Once the line with "Новая Зеландия, Набор монет (1980 г.)" is found in the data, output it and each following line exactly, up to and including the line with "Best Esports Team Names for All-Girl Squads", and nothing before or after.

Short web captions
----------

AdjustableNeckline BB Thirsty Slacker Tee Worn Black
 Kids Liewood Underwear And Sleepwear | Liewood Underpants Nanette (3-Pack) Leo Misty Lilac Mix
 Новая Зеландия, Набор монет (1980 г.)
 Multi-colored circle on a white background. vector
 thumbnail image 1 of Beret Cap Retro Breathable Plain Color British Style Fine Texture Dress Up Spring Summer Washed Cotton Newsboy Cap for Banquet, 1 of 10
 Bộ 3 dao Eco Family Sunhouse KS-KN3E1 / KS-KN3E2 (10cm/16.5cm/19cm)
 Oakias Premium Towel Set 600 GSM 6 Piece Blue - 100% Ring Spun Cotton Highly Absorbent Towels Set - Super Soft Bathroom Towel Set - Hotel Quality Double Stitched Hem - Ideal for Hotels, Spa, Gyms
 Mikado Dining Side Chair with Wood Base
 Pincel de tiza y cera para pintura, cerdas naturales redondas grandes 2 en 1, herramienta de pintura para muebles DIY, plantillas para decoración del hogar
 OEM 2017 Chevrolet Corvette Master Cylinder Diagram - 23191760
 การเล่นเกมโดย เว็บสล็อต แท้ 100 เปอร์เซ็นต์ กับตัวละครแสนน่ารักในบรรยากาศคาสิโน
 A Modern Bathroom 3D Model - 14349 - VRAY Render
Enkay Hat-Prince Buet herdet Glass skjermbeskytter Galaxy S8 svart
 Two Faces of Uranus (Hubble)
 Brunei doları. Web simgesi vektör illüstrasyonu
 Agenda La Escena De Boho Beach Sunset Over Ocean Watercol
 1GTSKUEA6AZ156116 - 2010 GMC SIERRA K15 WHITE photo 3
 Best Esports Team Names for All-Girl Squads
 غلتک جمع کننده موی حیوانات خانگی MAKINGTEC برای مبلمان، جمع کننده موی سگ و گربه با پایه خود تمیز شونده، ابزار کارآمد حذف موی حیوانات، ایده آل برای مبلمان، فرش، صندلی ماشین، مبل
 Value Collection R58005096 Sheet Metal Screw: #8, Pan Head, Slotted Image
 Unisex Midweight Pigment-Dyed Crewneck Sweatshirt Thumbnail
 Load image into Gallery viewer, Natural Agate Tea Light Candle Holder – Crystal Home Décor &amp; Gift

----------

— Finished exercise —
 Новая Зеландия, Набор монет (1980 г.)
 Multi-colored circle on a white background. vector
 thumbnail image 1 of Beret Cap Retro Breathable Plain Color British Style Fine Texture Dress Up Spring Summer Washed Cotton Newsboy Cap for Banquet, 1 of 10
 Bộ 3 dao Eco Family Sunhouse KS-KN3E1 / KS-KN3E2 (10cm/16.5cm/19cm)
 Oakias Premium Towel Set 600 GSM 6 Piece Blue - 100% Ring Spun Cotton Highly Absorbent Towels Set - Super Soft Bathroom Towel Set - Hotel Quality Double Stitched Hem - Ideal for Hotels, Spa, Gyms
 Mikado Dining Side Chair with Wood Base
 Pincel de tiza y cera para pintura, cerdas naturales redondas grandes 2 en 1, herramienta de pintura para muebles DIY, plantillas para decoración del hogar
 OEM 2017 Chevrolet Corvette Master Cylinder Diagram - 23191760
 การเล่นเกมโดย เว็บสล็อต แท้ 100 เปอร์เซ็นต์ กับตัวละครแสนน่ารักในบรรยากาศคาสิโน
 A Modern Bathroom 3D Model - 14349 - VRAY Render
Enkay Hat-Prince Buet herdet Glass skjermbeskytter Galaxy S8 svart
 Two Faces of Uranus (Hubble)
 Brunei doları. Web simgesi vektör illüstrasyonu
 Agenda La Escena De Boho Beach Sunset Over Ocean Watercol
 1GTSKUEA6AZ156116 - 2010 GMC SIERRA K15 WHITE photo 3
 Best Esports Team Names for All-Girl Squads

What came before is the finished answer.